Even with configurable executors, I'm having troub...
# dagster-feedback
r
Even with configurable executors, I'm having trouble understanding how to optimize Dagster for performance - would be great with a doc page with some tips! Some particular questions of mine: 1. If I have a large asset with downstream dependencies persisted to e.g. parquet, and I run the assets as a joint job, will all downstream assets reload it from disk (expensive) or does it get passed in-memory? 2. In a multi-processing execution setting, how many times are expensive resources loaded and how are they (and intermediate assets/op results) shared? Is the process e.g. forked after they are instantiated? 3. I seem to have a large step_worker overhead from the Dagit execution logs - what does this represent and can it be minimized? (e.g. is it affected by the size of my environment?) 4. Is there significant overhead from the multiprocessing, and can it be beneficial to use an in-process executor?
g
(1) this depends on the IO manager - normally there is IO. This gets particularly interesting when using external compute with i.e. spark. There, you must ensure to use a suitable in-memory IO manager to only persist the result and not the steps. The default databricks runner makes this already a bit easier than when using the OSS yarn cloudera spark
r
Reloading massive dataframes seems like a pretty big overhead 😬 Checked the source for the standard memory_io_manager, and it literally just stores results to a dictionary and then reads it back. Would I need to add this sort of internal registry to all my IO managers to bypass the disk (I still want to save to disk, just not load if I can avoid it)? Does storing things in a simple dictionary on the manager even work with multiple processes and workers?
z
it does not work with multiple processes and workers, because in order to share objects between processes they have to be written to disk - it's just a python process nuance / limitation, not really specific to dagster. if you want to keep I/O between steps in memory you have to use the in-process executor. it's the same deal with resources when using the multi-process executor - they're spun up for every process, they do not get shared.
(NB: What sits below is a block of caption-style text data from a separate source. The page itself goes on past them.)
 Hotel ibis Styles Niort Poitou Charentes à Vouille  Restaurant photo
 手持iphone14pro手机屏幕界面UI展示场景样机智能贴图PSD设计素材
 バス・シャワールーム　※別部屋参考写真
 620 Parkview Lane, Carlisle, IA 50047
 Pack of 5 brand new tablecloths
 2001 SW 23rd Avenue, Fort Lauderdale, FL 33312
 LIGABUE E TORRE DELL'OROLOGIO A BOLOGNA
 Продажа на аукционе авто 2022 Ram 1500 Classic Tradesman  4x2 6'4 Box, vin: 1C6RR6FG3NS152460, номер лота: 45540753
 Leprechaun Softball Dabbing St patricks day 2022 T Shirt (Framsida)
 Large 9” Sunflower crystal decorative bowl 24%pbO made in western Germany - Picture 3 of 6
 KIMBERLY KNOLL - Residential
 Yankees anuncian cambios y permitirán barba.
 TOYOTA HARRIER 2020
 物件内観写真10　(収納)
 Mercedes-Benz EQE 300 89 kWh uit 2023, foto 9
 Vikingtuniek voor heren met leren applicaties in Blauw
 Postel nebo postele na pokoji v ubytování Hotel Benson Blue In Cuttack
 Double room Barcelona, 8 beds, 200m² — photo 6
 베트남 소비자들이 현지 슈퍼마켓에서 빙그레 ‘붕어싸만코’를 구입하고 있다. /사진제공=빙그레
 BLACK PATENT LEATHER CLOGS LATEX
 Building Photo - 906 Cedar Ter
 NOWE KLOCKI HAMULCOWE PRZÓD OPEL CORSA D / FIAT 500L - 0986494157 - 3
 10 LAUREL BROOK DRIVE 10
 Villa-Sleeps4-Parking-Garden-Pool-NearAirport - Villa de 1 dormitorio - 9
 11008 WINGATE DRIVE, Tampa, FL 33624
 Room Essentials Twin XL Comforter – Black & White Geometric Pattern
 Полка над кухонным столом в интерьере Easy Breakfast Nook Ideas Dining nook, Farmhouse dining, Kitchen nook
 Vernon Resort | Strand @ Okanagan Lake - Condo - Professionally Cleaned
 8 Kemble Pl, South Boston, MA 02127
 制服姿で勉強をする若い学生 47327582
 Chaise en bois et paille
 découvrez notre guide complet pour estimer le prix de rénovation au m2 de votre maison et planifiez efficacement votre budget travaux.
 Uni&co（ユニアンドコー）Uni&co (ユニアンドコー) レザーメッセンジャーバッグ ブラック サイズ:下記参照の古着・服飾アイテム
I'm not super sure about 3), if you're not using a custom step_worker then I think all it's really doing is loading your step and associated objects. for 4), it seems pretty dependent on your code - if you have lots of heavy resources, they'll be instantiated for every step that requires them. if you don't have highly parallel workflows that might not matter much. it may be more efficient in some cases to use an in-process executor (particularly when passing large Dataframes, like geoHeil said), but you lose any chance at step-level parallelism
r
ah I can see I have been living with a misapprehension about resources, was certain that there was a performance benefit, but I see now that it's just structural. If I use the in-process executor with an IO manager that stores as parquet, won't downstream assets still reload the parquet file instead of passing it directly? Now I'm really starting to miss some best practices about how to manage large data files and in-memory resources (e.g. ML models) in Dagster outside of a warehouse integration.
z
it depends on how you write the IO manager. you could write it so that its handle_output method saves the dataframe both to a parquet file and keeps it in memory (like in a dictionary), and then the load_input method just load it from memory instead of from parquet (of course this only works with the in-process executor). but yes, I've ran into similar issues in a Spark / big data context. so far my experience has been that Dagster doesn't orchestrate big data pipelines natively well and that you're likely to need to farm out to external compute to optimize those tasks. one could theoretically get fancy with some kind of separate on-worker in-memory cache like Redis to back an IOManager with but there'd be a number of hoops to jump through serialization etc.
r
I guess base Dagster is exploiting that pickles load fairly fast to pass outputs around between processes? Is there a way to mix in-process and multi-process execution modes?
z
the pickle IO manager is just a default. if you use Dagster for very long you're very likely to write your own IO managers, and the framework is very much built expecting that to be the case. if you're going to use multiple processes you need some way of serializing the data between them, it's just a fact when it comes to sharing data between processes. one of the biggest overheads incurred by Spark is serializing data to share it across executors. it's not a problem unique to Dagster - when it comes to loading / writing huge dataframes it's kind of just a classic trade-off you face with big data pipelines - do you want to keep everything in-memory in a single DAG, but not be able to recover in case of failure? or do you want to write out intermediate steps (and significantly slow down) so you don't have to recalculate the whole DAG if a node fails? you face the same issue if you're writing a single spark job. I don't think you can mix in-process and multi-process within a single job.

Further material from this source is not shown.